Rebecca M Brewster, the ATRI’s president and chief operating officer, said the organization’s fourth hours of service (HOS) survey looked at a year’s worth of crash data before and after the rule went into effect July 1, 2013. Brewster discussed the study during the National Tank Truck Carriers Tank Truck Safety & Security Council Annual Meeting June 9-11 in New Orleans, Louisiana.
FMCSA had said that when drivers get two overnight periods of rest, they are more likely to drive during the day.
ATRI’s survey study, featuring GPS data from over 6000 trucks, showed that Sunday night into Monday morning, there were big drops, and then as the week went on, there was more and more activity.

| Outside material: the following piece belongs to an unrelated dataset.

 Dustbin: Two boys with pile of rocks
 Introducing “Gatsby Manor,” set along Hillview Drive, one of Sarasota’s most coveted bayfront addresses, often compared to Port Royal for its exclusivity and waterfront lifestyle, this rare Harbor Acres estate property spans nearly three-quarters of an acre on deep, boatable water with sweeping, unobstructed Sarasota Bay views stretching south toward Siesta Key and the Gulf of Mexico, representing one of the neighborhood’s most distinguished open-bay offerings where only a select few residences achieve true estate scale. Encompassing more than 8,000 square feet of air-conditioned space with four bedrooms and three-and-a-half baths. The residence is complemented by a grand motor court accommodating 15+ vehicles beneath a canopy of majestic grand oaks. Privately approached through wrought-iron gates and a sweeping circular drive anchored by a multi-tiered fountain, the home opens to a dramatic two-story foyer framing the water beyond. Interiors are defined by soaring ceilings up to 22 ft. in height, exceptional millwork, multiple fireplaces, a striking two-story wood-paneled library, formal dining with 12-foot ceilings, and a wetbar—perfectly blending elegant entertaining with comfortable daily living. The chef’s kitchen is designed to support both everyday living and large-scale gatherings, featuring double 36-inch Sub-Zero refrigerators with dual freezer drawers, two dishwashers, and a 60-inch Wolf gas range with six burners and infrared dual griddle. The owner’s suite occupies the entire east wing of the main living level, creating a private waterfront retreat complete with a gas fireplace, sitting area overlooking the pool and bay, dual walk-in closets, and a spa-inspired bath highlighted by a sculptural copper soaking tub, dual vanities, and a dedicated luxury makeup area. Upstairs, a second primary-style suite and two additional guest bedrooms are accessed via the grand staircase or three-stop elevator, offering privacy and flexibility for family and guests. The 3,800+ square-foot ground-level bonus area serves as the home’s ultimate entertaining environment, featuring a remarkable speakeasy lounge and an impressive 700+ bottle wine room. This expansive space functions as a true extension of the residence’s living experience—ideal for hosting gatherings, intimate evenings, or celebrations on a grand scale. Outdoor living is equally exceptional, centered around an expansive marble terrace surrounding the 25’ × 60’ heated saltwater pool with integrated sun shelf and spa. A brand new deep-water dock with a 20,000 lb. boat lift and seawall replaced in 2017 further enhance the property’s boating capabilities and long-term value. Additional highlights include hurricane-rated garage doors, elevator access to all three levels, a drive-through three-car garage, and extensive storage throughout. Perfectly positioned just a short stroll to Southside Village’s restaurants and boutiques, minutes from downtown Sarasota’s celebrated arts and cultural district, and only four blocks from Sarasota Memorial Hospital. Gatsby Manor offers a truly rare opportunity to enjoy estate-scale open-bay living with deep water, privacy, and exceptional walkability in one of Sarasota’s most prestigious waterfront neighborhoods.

Winners of the 2014 NTTC Tank Truck Safety Contest were recognized during the NTTC Safety
“Here’s the problem with that: When you put trucks on the road during the day, using the DOT’s own data, the crash risk for truck drivers doubles,” Brewster said. “Why? Because their exposure goes way up. So the rule has effectively moved trucks to daytime operations and crash data says that will be a much riskier time. When we looked at the crash data, crashes went up across all days of week, particularly Mondays, Tuesdays, Saturdays and Sundays, and they’re the types of crashes you’d expect from more trucks on the road in congested periods. They’re not fatal, severe-consequence crashes. They’re injury crashes and tow-aways.”
At an American Trucking Associations meeting a few months ago, FMCSA chief safety officer Jack Van Steenburg said FMCSA will do the same crash analysis in 18 months, but Brewster told him she would expect the findings to be no different from this because ATRI used FMCSA’s data to do this analysis.
HOS was the #1 issue for drivers in the most recent ATRI survey, and it has been #1 on the overall list for two straight years.
ATRI’s survey of drivers and carriers after the 2013 rule went into effect showed that 80% of motor carriers said they had lost productivity and a high percentage of drivers indicated it was having a negative impact on their quality of life and causing increased fatigue.
“That was interesting, because HOS rules were supposed to give a greater opportunity for rest,” Brewster said. “Many drivers pointed to the 30-minute rest-break requirement and the fact there’s not enough available, safe, legal parking for them to get that 30-minute rest break. So they were spending additional duty time driving around looking for safe parking, finally getting a spot, starting the 30-minute clock and getting back on the road. So that 30-minute rest-break requirement was really taking an hour or an hour and 15 minutes out of their day, extending their day and creating additional fatigue.”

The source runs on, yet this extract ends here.